» PROBLEM TO WORK ON:
Print the data once more, exactly as supplied.

Dataset entries
——————

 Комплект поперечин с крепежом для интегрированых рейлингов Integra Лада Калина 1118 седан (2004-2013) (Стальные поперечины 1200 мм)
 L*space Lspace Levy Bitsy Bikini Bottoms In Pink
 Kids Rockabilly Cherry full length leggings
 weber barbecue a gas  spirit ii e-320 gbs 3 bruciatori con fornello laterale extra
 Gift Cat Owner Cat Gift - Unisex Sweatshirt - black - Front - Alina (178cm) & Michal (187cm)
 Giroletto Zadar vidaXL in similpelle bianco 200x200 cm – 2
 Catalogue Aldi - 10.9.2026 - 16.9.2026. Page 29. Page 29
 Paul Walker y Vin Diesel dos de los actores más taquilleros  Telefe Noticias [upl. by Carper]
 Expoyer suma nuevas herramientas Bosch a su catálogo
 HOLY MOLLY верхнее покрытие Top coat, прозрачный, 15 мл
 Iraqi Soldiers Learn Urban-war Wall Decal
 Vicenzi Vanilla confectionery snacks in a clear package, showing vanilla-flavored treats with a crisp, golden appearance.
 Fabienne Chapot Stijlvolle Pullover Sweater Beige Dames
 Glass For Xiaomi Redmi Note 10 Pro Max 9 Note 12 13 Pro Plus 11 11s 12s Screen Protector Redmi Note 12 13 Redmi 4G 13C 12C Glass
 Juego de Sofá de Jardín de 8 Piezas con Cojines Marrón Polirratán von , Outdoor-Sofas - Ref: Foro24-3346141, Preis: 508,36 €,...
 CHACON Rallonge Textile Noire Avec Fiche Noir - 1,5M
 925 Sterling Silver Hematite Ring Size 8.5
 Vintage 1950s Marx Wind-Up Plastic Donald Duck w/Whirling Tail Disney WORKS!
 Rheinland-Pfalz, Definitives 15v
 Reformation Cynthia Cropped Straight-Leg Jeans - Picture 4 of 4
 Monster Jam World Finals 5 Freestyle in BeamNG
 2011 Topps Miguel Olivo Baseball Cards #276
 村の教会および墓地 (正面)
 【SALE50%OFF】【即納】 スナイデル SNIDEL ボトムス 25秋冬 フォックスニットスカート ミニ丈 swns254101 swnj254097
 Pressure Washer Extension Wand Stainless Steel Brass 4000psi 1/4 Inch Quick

——————

» RESPONSE TO THE TASK:
 Комплект поперечин с крепежом для интегрированых рейлингов Integra Лада Калина 1118 седан (2004-2013) (Стальные поперечины 1200 мм)
 L*space Lspace Levy Bitsy Bikini Bottoms In Pink
 Kids Rockabilly Cherry full length leggings
 weber barbecue a gas  spirit ii e-320 gbs 3 bruciatori con fornello laterale extra
 Gift Cat Owner Cat Gift - Unisex Sweatshirt - black - Front - Alina (178cm) & Michal (187cm)
 Giroletto Zadar vidaXL in similpelle bianco 200x200 cm – 2
 Catalogue Aldi - 10.9.2026 - 16.9.2026. Page 29. Page 29
 Paul Walker y Vin Diesel dos de los actores más taquilleros  Telefe Noticias [upl. by Carper]
 Expoyer suma nuevas herramientas Bosch a su catálogo
 HOLY MOLLY верхнее покрытие Top coat, прозрачный, 15 мл
 Iraqi Soldiers Learn Urban-war Wall Decal
 Vicenzi Vanilla confectionery snacks in a clear package, showing vanilla-flavored treats with a crisp, golden appearance.
 Fabienne Chapot Stijlvolle Pullover Sweater Beige Dames
 Glass For Xiaomi Redmi Note 10 Pro Max 9 Note 12 13 Pro Plus 11 11s 12s Screen Protector Redmi Note 12 13 Redmi 4G 13C 12C Glass
 Juego de Sofá de Jardín de 8 Piezas con Cojines Marrón Polirratán von , Outdoor-Sofas - Ref: Foro24-3346141, Preis: 508,36 €,...
 CHACON Rallonge Textile Noire Avec Fiche Noir - 1,5M
 925 Sterling Silver Hematite Ring Size 8.5
 Vintage 1950s Marx Wind-Up Plastic Donald Duck w/Whirling Tail Disney WORKS!
 Rheinland-Pfalz, Definitives 15v
 Reformation Cynthia Cropped Straight-Leg Jeans - Picture 4 of 4
 Monster Jam World Finals 5 Freestyle in BeamNG
 2011 Topps Miguel Olivo Baseball Cards #276
 村の教会および墓地 (正面)
 【SALE50%OFF】【即納】 スナイデル SNIDEL ボトムス 25秋冬 フォックスニットスカート ミニ丈 swns254101 swnj254097
 Pressure Washer Extension Wand Stainless Steel Brass 4000psi 1/4 Inch Quick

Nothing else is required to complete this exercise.